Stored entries
........

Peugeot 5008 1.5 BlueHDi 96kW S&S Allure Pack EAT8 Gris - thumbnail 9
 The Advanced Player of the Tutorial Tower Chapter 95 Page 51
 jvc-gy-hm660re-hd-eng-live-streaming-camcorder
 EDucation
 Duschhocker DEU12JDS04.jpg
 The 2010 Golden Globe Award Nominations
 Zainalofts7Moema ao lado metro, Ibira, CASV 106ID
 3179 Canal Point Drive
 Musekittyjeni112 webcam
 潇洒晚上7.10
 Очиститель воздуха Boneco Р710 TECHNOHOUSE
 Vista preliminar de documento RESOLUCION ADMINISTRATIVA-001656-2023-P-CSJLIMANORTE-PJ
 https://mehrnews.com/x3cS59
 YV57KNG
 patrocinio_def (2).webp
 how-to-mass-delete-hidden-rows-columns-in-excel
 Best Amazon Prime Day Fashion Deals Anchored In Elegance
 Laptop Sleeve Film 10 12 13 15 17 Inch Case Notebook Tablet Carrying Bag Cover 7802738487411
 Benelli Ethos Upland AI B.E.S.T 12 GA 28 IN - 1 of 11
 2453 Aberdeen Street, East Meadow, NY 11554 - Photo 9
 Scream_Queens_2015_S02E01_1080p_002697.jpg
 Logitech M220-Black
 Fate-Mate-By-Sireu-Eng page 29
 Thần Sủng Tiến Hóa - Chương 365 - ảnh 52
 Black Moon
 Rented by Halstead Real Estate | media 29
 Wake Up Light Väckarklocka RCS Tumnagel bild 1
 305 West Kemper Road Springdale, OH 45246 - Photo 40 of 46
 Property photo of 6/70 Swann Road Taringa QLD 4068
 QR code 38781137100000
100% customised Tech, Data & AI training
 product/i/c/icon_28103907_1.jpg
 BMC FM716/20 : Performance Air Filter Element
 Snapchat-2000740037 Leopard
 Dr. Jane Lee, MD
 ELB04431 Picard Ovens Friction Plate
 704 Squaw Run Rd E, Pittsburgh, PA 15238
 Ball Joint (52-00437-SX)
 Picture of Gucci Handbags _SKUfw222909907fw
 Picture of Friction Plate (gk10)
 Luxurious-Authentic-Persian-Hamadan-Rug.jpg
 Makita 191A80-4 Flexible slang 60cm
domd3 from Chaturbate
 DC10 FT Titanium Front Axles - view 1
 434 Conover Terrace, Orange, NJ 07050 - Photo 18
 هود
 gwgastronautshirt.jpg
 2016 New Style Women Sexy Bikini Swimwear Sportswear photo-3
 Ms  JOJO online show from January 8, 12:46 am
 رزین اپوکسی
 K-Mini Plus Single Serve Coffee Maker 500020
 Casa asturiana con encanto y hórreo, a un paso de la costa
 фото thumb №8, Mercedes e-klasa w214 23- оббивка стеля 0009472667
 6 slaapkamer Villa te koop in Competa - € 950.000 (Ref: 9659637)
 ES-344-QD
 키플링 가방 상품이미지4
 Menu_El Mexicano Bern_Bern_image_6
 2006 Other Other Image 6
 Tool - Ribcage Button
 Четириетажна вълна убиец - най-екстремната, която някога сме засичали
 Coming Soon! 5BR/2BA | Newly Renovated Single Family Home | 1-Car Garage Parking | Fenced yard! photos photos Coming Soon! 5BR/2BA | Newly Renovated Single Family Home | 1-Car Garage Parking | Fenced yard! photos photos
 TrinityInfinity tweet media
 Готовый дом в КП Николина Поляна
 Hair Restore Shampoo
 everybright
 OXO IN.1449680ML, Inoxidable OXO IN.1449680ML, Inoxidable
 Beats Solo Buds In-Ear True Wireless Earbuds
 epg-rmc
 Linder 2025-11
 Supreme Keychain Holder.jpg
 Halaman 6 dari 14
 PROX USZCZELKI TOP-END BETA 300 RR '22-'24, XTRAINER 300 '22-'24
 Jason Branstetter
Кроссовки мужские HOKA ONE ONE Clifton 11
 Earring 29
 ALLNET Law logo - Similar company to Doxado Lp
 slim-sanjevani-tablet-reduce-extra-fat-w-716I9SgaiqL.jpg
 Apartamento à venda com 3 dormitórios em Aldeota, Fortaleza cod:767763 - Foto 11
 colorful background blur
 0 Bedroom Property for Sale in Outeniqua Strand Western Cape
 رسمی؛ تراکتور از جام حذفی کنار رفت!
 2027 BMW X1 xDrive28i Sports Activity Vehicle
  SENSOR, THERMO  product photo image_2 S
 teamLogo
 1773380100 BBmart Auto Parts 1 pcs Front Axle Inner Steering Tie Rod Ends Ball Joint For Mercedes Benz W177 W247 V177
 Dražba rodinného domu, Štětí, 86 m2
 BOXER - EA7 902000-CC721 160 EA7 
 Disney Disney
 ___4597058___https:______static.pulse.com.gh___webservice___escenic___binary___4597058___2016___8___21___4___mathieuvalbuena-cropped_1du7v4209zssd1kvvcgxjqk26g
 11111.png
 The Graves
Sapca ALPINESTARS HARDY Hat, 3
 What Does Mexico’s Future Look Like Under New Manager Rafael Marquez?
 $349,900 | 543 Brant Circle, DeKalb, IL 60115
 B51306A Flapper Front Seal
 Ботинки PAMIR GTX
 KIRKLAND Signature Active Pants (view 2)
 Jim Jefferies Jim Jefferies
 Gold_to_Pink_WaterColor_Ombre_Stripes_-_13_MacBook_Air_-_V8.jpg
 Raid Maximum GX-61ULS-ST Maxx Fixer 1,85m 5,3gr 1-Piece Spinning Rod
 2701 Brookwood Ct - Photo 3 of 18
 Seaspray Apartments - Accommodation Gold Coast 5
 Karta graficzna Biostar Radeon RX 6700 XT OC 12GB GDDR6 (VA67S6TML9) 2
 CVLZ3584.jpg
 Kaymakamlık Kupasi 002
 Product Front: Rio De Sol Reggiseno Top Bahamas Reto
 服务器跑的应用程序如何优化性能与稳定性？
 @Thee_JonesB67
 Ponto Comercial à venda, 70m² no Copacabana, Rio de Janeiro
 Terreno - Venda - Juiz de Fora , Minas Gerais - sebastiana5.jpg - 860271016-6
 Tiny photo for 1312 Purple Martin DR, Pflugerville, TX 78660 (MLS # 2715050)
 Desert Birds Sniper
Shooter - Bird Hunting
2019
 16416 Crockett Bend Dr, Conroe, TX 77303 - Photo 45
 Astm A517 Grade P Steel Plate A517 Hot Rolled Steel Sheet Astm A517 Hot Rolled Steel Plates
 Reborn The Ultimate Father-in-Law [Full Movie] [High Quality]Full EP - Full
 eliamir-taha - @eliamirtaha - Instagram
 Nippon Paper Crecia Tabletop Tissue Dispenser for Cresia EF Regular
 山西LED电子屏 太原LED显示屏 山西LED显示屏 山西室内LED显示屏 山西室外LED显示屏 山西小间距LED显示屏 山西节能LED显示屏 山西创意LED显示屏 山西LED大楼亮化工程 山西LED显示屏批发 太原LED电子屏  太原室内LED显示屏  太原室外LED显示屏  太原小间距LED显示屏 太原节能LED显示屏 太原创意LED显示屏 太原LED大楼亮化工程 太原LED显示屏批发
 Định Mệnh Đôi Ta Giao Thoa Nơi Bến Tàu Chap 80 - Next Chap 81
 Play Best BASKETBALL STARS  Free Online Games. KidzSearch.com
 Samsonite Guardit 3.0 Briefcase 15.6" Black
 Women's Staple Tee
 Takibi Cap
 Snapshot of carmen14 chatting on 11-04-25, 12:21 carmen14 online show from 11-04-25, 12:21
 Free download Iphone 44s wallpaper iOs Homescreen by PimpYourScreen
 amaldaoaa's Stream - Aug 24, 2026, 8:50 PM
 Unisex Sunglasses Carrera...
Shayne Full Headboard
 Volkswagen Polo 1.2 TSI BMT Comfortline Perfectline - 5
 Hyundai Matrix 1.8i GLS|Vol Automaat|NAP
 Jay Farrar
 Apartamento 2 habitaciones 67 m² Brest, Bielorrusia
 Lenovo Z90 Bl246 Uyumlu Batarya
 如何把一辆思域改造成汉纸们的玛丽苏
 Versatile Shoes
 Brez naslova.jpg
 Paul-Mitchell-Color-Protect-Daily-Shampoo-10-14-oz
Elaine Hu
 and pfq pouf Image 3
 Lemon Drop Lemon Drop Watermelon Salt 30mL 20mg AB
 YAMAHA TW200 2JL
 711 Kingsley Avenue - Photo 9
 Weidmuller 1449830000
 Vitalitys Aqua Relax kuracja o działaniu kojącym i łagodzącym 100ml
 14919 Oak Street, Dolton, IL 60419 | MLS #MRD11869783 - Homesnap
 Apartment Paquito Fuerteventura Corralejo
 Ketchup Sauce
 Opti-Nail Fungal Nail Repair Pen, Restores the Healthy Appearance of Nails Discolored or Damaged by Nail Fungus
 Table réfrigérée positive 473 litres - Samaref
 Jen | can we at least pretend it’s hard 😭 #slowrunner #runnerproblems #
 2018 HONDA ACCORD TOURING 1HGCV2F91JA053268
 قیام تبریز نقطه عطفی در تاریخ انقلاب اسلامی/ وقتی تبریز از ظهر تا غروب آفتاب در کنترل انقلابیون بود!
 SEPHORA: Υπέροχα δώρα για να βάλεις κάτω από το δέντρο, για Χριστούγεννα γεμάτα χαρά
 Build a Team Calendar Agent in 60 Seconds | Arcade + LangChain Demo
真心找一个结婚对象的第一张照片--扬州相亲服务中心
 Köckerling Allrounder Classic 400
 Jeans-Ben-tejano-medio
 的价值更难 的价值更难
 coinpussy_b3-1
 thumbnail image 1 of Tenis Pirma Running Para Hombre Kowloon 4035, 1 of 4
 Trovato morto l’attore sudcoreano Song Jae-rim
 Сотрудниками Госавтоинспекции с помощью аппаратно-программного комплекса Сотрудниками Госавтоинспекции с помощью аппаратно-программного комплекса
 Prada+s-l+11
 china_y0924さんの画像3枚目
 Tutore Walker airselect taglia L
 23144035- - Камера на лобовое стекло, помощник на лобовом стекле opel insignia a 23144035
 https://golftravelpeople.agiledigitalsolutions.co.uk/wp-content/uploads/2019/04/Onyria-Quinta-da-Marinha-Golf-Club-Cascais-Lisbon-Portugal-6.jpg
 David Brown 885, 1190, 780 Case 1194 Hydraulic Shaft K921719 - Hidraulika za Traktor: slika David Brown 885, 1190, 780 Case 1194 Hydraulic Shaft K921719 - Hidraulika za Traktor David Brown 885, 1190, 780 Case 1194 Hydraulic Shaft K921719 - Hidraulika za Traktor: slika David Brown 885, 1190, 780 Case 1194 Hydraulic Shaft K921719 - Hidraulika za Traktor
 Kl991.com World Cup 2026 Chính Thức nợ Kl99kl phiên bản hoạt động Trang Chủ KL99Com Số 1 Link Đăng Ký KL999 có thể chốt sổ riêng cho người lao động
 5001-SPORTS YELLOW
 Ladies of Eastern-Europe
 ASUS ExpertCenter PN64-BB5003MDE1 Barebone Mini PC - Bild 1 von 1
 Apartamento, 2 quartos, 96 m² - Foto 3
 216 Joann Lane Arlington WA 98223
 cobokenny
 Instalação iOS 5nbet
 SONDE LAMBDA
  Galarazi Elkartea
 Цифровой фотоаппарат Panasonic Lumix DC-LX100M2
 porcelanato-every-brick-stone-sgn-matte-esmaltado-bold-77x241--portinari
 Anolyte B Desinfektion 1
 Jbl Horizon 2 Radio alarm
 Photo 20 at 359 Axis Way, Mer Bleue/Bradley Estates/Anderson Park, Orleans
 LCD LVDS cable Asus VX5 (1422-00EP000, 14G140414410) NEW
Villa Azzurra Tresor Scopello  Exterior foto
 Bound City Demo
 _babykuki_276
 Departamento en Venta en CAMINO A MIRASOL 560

........

> _What needs to be done_: Only the lines above starting at the one containing "Picture of Gucci Handbags _SKUfw222909907fw" and ending at the one containing "Casa asturiana con", both included, are to be returned, exactly as they read.

> _Exercise answer_:
 Picture of Gucci Handbags _SKUfw222909907fw
 Picture of Friction Plate (gk10)
 Luxurious-Authentic-Persian-Hamadan-Rug.jpg
 Makita 191A80-4 Flexible slang 60cm
domd3 from Chaturbate
 DC10 FT Titanium Front Axles - view 1
 434 Conover Terrace, Orange, NJ 07050 - Photo 18
 هود
 gwgastronautshirt.jpg
 2016 New Style Women Sexy Bikini Swimwear Sportswear photo-3
 Ms  JOJO online show from January 8, 12:46 am
 رزین اپوکسی
 K-Mini Plus Single Serve Coffee Maker 500020
 Casa asturiana con encanto y hórreo, a un paso de la costa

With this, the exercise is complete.